Custom framing starts at approximately $60 to $80 for a simple 8x10 piece (basic frame, standard mat, regular glass) and climbs to $300 to $600 for larger pieces with premium materials like museum glass, acid-free mat board, and hand-selected wood frames. Ready-made frames start at $15 and top out around $100 depending on size and finish. The shop charges for design consultation at the point of sale, credited toward the final order if the customer proceeds. Mat cutting is charged per piece and typically runs $20 to $45 depending on complexity and material grade. Glass options include standard, non-glare, UV-protective, and museum-grade; each adds $10 to $30 to the base price. Most custom orders take two to three weeks; rush service is available at a 25 to 35 percent premium. Prices are set in-house and should be confirmed by phone or visit, as material costs fluctuate.
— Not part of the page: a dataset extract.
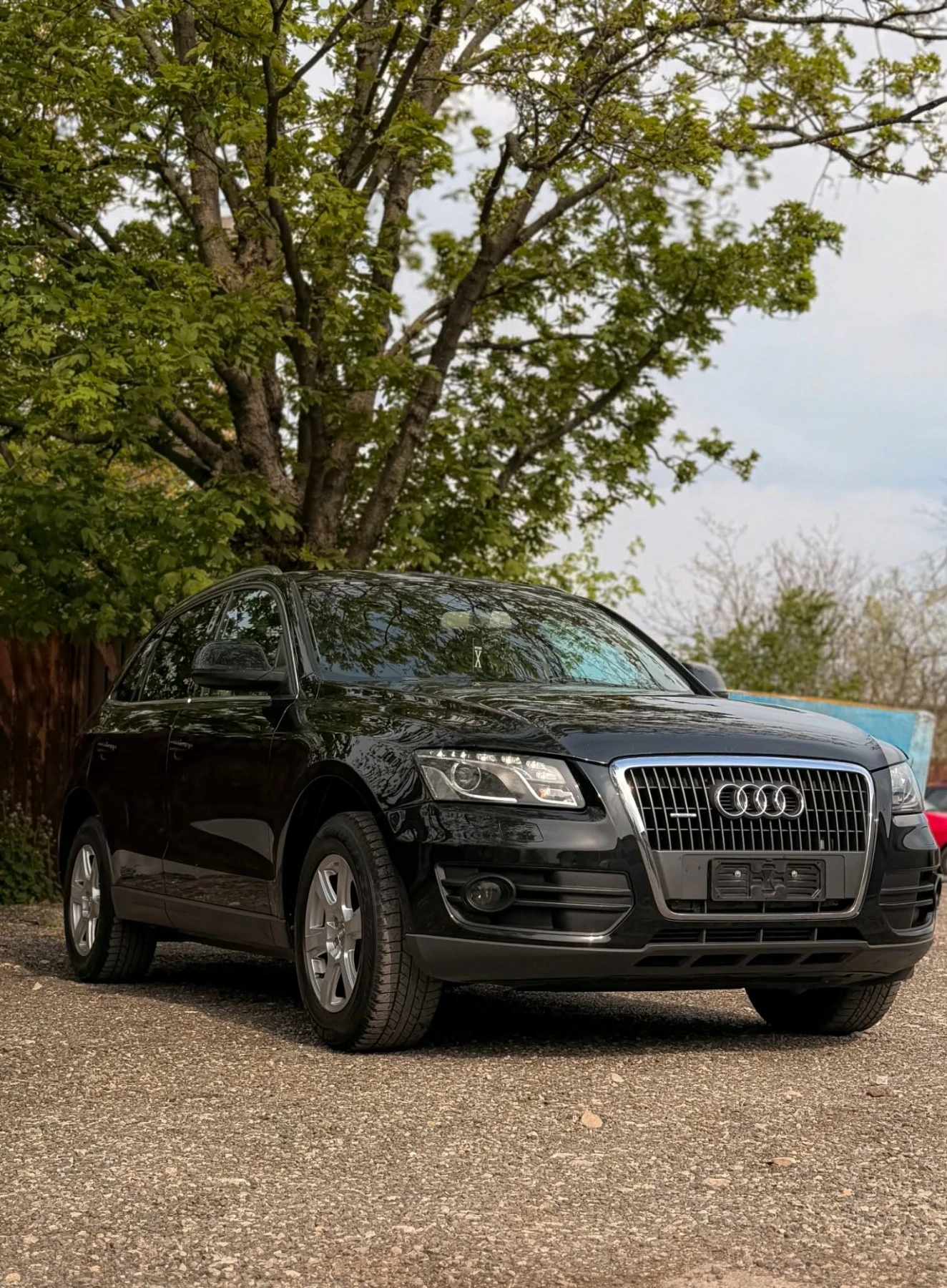Audi Q5, снимка 2 - Автомобили и джипове - 56117974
How it compares to other Baltimore framing options

Michaels (multiple Baltimore locations) offers self-service and in-store framing but limits design input and uses lower-grade materials; costs are typically lower ($40 to $150 for custom work) but so is durability and aesthetic refinement. Ben Franklin Crafts, also in the Baltimore area, operates similarly to Michaels with franchise standardization. For high-end conservation work, institutions like the Walters Art Museum can recommend specialists outside retail framing. Framing Palace sits in the middle: more knowledgeable and flexible than craft retail chains, less expensive and less specialized than museum-affiliated conservators. It suits homeowners, small business owners framing office art, and people with moderately valuable pieces (prints, family photography, local artist work). It does not suit customers needing archival-grade conservation for fine art or collectibles worth tens of thousands of dollars, nor those wanting bare-bones budget framing.

Who it suits and who it does not suit

Framing Palace works well for people with a clear vision of what they want and enough time for custom work; for those framing multiple pieces at once (volume often triggers modest discounts); and for Baltimore residents with local art or photography they want presented professionally. It does not suit last-minute framers (three weeks is standard), budget-conscious shoppers willing to sacrifice design input, or collectors of high-value fine art needing conservation-grade materials and documentation.
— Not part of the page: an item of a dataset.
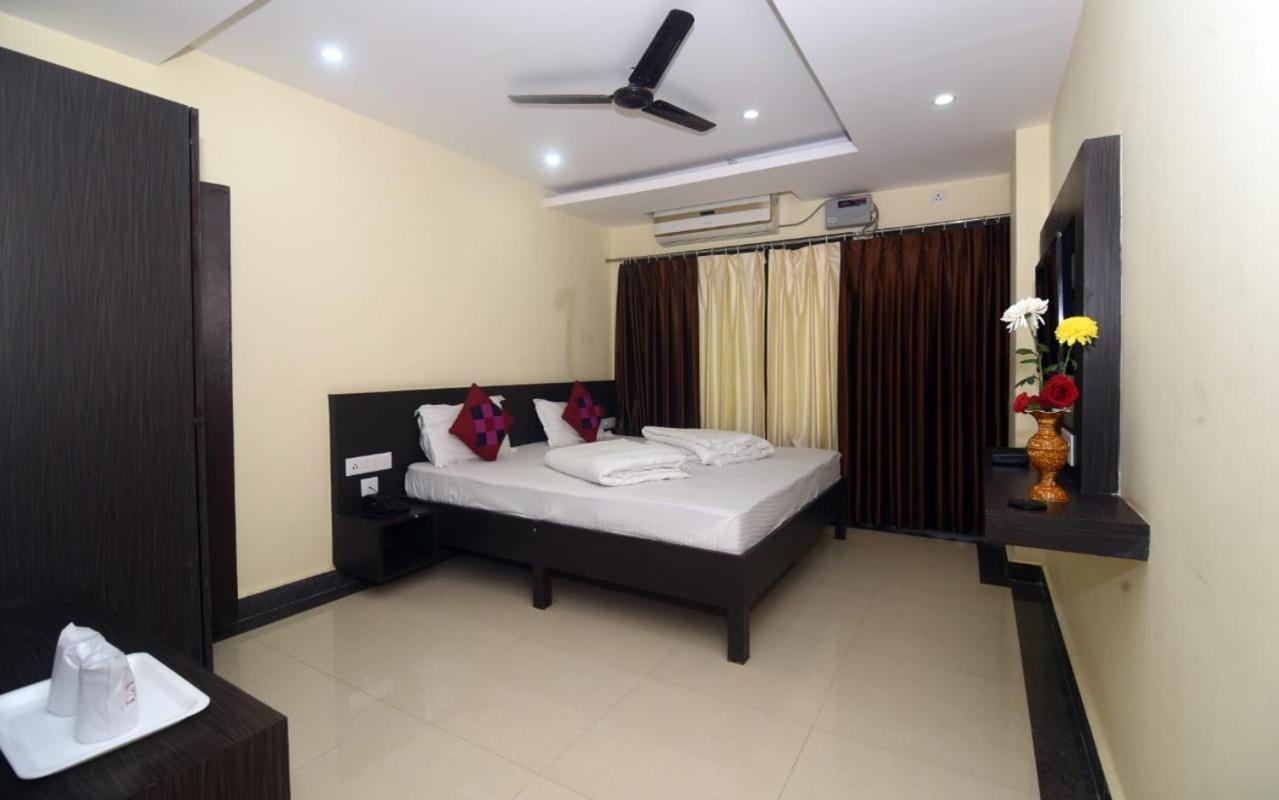 Light House Hotel 2*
What the first visit involves

Bring the piece to be framed or a photograph of it. A staff member will discuss frame finish, mat color, glass type, and backing based on the art's value and purpose. The shop will show samples, provide a written estimate (non-binding until approved), and discuss timeline. Most customers approve the estimate same-day and leave the piece for work; payment is due upon pickup unless prior arrangement is made.

Hours, parking, and logistics

Framing Palace operates Tuesday through Saturday, 10 a.m. to 5 p.m., and Sunday noon to 4 p.m.; closed Mondays. Street parking is available near the storefront with no dedicated lot; the location sits on a block with nearby retail, making public parking typical for the area. Confirm current hours before visiting, as retail hours occasionally shift seasonally. Finished work can be picked up in person or shipped for an additional fee; local delivery is available for large or multiple pieces.

Framing Palace fills the practical gap between mass-market options and expensive conservators, making it the default choice for Baltimore residents who want their art to look intentional without paying specialist prices.